A more primitive method, sometimes called an air well, uses a large pile of rocks or stones to achieve a similar effect. The thermal mass of the rocks cools slowly during the night, remaining cooler than the surrounding air as the sun rises. Humid air passing through the rock pile meets the cold surfaces, causing water vapor to condense on the stones, which then trickles down to a collection basin beneath the pile. To maximize collection, site selection is important, favoring locations with high overnight humidity and minimal obstruction that might block the cooling effect of the clear sky.
Building and Using a Solar Still
A solar still utilizes the sun’s energy for distillation, a process that both collects and purifies water from a damp source like soil or vegetation. To construct a standard ground still, locate a sunny area with damp ground, and dig a pit approximately 3 feet wide and 2 feet deep. Place a clean collection container, such as a cup or bowl, in the center of the pit.
Next, add fresh-cut green vegetation, like leaves or grass, around the collection container to increase available moisture, ensuring no plants are placed inside the container itself. Cover the entire pit opening with a sheet of clear plastic film, such as polyethylene, making sure the edges extend well beyond the pit’s perimeter. Secure the edges by piling soil or rocks over them, creating an airtight seal to prevent water vapor escape.
Place a small rock or weight onto the center of the plastic film, positioning it directly over the collection container. This weight creates a downward-sloping cone. The sun’s heat passes through the plastic, causing ground moisture and plant water to evaporate. The resulting water vapor condenses on the cooler underside of the plastic and runs down the slope until it drips into the collection vessel. A well-constructed still can yield water within a few hours, though production rates vary based on soil moisture and sunlight intensity.

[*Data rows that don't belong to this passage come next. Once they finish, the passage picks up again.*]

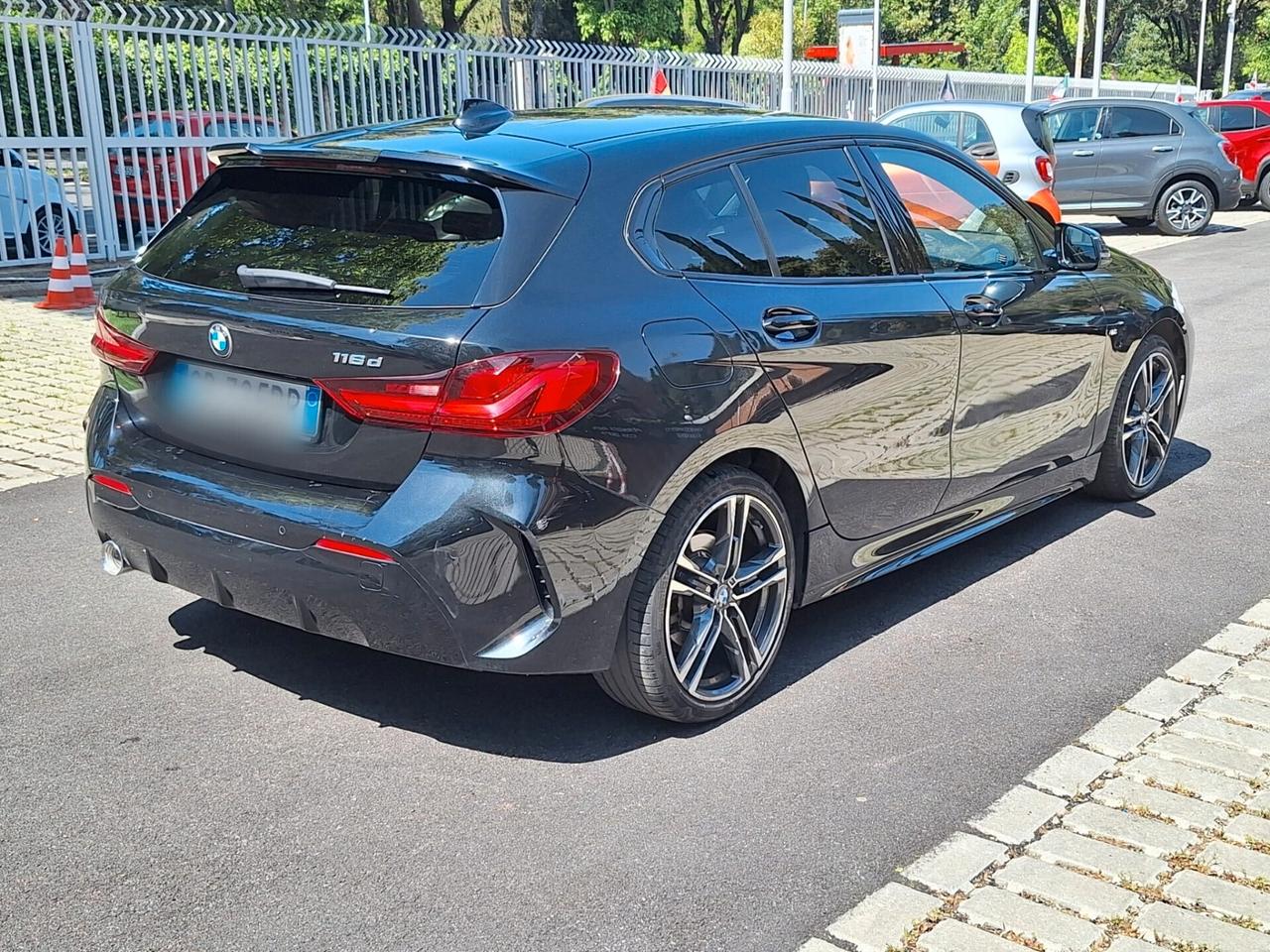 Bmw 116d 5p. Msport Prezzo Promo fin totale 412/60 mesi zero anticipo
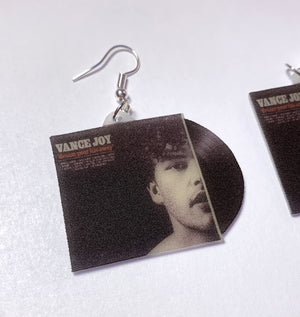 Vance Joy Dream Your Life Away Vinyl Album Handmade Earrings!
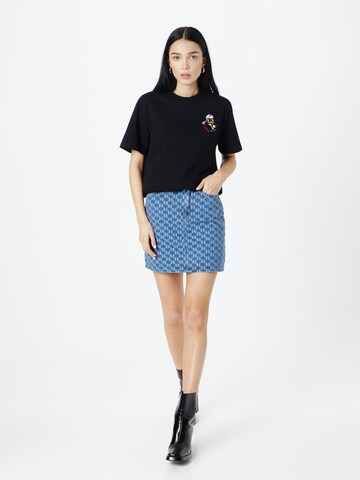 Karl Lagerfeld Skirt in Blue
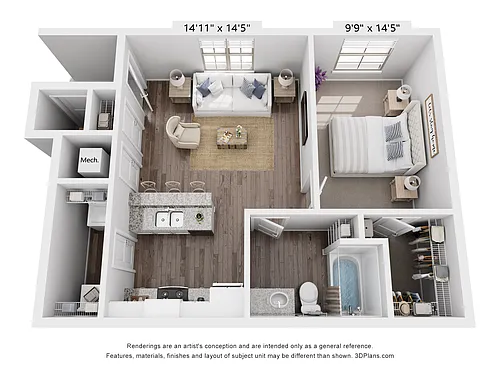 Floor plan A2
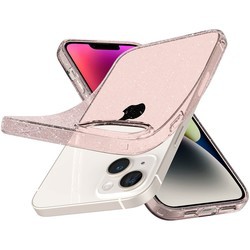 Чехлы для мобильных телефонов Spigen Liquid Crystal Glitter for iPhone 14 (розовый)
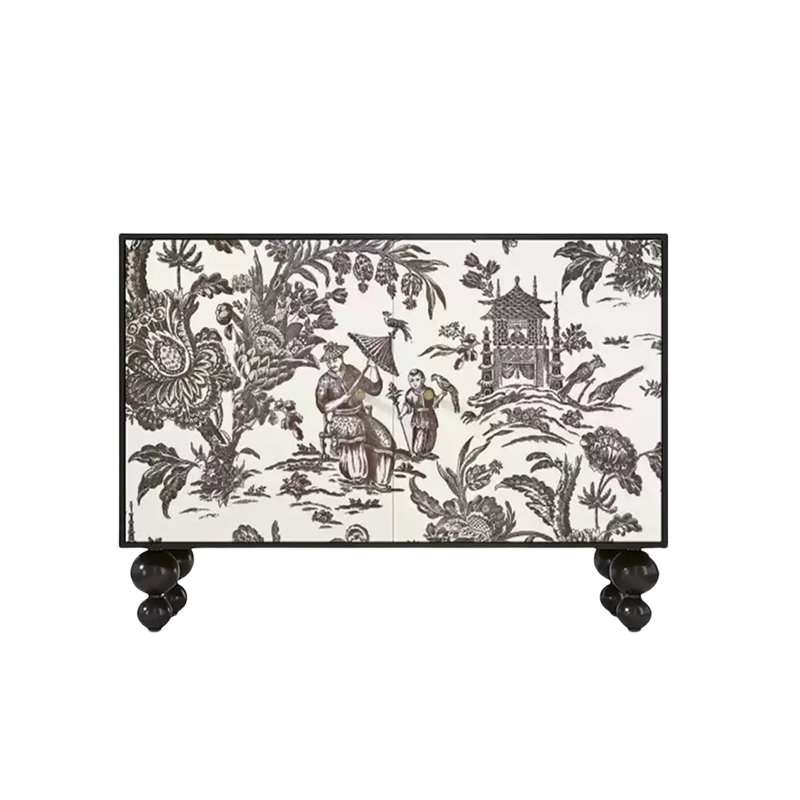 Armoire d'appoint, Noir
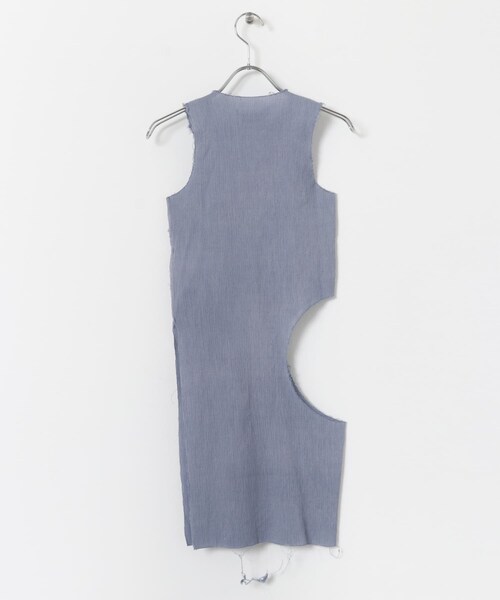 URBAN RESEARCH（アーバンリサーチ）の「kotohayokozawa　Co. yoryu long tank top（その他トップス・レディース・BLUE/ORANGE/LT.BLUE・FREE）」の8枚目の写真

Fog and Mist Interception Systems
Fog and mist interception is a collection technique distinct from dew harvesting, as it targets suspended liquid water droplets rather than condensing water vapor. These systems physically filter water from moving air, functioning most effectively in geographically limited areas where fog is frequent, such as coastal or mountainous regions. The mechanism relies on the tiny fog droplets colliding with and clinging to a fine mesh material.
The most common material for a fog collector is a vertical net or screen made from a finely woven mesh, often polypropylene or nylon. For a simple setup, stretch a section of this mesh between two vertical posts, orienting the net perpendicular to the prevailing wind direction. As the wind pushes the fog through the mesh, the water droplets are intercepted, coalescing into larger drops that gravity pulls down the fibers. A gutter or trough beneath the net catches the liquid water, directing it into a storage tank. This passive technique requires no power, providing a reliable water source where atmospheric conditions are right.